If you've been feeding them constantly for a month they are cetainly not light on stores - having an almost full super will tell you that. If you haven't stopped feeding then I'd say you should stop now.
If you've seen the queen but no brood then there's a good chance she's on a brood break - only time will tell, check again in a few weeks (the need for weekly inspections is way past.)
The frames in the super are sealed, so leave them on top for the winter after removing the queen excluder.
Just be mindful that in the spring, the queen will be up there laying so you'll have to ensure she's down in the broodbox before replacing the excluder.
As a beginner I'd say go ahead and treat now.
Over the winter I suggest you read up a bit on feeding, how much stores bees need etc and start off the next season better armed.
 
I have such a colony .
you would be better off leaving the super for them ! It’s likely to be contaminated with sugar .
I would clear them from the super leaving them with no option but to store honey down stairs .
keep an eye on them . Not many swarms approaching September .
I would give them their super back under the brood box later .
there is time yet for a honey flow which you can harvest .
IMHO.
 
If you've been feeding them constantly for a month they are cetainly not light on stores - having an almost full super will tell you that. If you haven't stopped feeding then I'd say you should stop now.
If you've seen the queen but no brood then there's a good chance she's on a brood break - only time will tell, check again in a few weeks (the need for weekly inspections is way past.)
The frames in the super are sealed, so leave them on top for the winter after removing the queen excluder.
Just be mindful that in the spring, the queen will be up there laying so you'll have to ensure she's down in the broodbox before replacing the excluder.
As a beginner I'd say go ahead and treat now.
Over the winter I suggest you read up a bit on feeding, how much stores bees need etc and start off the next season better armed.
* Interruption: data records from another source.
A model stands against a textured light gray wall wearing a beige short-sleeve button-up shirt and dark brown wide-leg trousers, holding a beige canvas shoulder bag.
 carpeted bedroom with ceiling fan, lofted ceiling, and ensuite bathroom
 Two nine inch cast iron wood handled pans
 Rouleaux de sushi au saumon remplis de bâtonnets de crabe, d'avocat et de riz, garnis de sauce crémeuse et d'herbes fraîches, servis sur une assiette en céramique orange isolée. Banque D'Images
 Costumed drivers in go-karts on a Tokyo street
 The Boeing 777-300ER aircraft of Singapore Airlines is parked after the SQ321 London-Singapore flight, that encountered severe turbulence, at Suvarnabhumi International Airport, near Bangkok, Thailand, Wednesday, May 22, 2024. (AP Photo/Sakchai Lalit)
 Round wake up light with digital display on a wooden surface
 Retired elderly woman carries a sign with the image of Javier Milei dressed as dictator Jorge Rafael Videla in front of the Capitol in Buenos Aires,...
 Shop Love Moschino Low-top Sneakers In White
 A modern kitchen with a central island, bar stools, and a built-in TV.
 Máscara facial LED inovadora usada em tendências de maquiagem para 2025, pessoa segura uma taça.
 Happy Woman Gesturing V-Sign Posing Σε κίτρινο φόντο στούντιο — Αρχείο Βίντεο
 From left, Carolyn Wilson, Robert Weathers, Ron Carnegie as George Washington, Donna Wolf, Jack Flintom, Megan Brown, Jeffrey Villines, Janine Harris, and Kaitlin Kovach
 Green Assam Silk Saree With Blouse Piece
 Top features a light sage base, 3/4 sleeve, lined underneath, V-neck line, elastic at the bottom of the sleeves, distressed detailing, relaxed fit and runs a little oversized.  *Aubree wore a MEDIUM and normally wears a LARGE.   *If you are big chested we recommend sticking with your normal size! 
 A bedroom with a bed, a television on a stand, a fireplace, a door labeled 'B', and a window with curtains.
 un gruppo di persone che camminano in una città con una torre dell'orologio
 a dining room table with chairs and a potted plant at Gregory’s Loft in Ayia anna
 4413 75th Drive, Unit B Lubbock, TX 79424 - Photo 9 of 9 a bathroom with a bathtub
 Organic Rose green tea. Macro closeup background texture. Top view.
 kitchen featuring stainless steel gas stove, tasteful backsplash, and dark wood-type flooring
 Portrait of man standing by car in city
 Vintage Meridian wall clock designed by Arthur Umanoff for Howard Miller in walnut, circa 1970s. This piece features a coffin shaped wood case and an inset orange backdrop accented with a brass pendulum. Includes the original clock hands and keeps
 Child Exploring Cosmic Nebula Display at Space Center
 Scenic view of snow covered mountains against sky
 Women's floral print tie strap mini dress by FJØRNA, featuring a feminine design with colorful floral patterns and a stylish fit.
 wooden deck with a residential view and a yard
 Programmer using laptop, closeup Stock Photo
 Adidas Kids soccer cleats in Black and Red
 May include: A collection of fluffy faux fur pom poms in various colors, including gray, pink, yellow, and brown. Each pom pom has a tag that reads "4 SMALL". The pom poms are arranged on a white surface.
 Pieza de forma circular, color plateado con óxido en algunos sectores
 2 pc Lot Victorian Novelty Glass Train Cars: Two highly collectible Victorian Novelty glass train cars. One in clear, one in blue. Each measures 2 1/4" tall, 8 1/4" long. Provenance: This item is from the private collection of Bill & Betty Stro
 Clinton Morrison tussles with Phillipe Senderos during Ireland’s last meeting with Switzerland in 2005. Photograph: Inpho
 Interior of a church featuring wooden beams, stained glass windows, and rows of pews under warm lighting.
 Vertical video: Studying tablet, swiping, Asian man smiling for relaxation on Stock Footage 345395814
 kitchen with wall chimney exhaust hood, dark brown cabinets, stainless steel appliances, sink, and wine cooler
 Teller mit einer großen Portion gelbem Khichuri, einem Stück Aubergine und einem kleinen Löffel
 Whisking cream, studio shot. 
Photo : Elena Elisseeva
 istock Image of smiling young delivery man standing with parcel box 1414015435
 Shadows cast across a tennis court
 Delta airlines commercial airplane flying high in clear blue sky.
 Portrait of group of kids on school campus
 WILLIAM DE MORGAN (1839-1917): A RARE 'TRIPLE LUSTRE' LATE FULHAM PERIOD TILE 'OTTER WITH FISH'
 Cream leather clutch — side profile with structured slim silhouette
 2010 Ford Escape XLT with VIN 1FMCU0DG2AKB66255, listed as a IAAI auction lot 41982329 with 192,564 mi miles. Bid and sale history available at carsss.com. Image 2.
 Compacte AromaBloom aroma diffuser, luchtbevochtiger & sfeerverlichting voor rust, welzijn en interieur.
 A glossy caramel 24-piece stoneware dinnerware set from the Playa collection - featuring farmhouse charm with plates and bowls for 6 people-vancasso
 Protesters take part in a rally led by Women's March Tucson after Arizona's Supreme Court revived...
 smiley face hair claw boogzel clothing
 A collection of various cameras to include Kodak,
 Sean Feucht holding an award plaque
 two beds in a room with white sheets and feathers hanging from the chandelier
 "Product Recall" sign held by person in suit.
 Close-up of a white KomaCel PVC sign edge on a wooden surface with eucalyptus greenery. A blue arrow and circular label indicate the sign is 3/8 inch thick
i will be reading plenty as I have done already I just hoped for some quick friendly impartial advice as a beginner whilst waiting for my local mentor to be arranged
I’m sorry if you misunderstood I’m not feeding now but I fed them for a month in June as advised by the supplier as he said the nuc was ‘a bit light’
My concern is the lack of stores & brood & was asking if I need to be concerned
I realise that what they stored in the super is not ‘real’ honey but It will be left for them over winter anyway I have already removed the excluder as I don’t intend harvesting any honey this season
I will treat for varoa as you suggested
 
I have such a colony .
you would be better off leaving the super for them ! It’s likely to be contaminated with sugar .
I would clear them from the super leaving them with no option but to store honey down stairs .
keep an eye on them . Not many swarms approaching September .
I would give them their super back under the brood box later .
there is time yet for a honey flow which you can harvest .
IMHO.
A lot of people seem to advocate leaving a whole super underneath for winter.
what is your rationale for this rather than on top?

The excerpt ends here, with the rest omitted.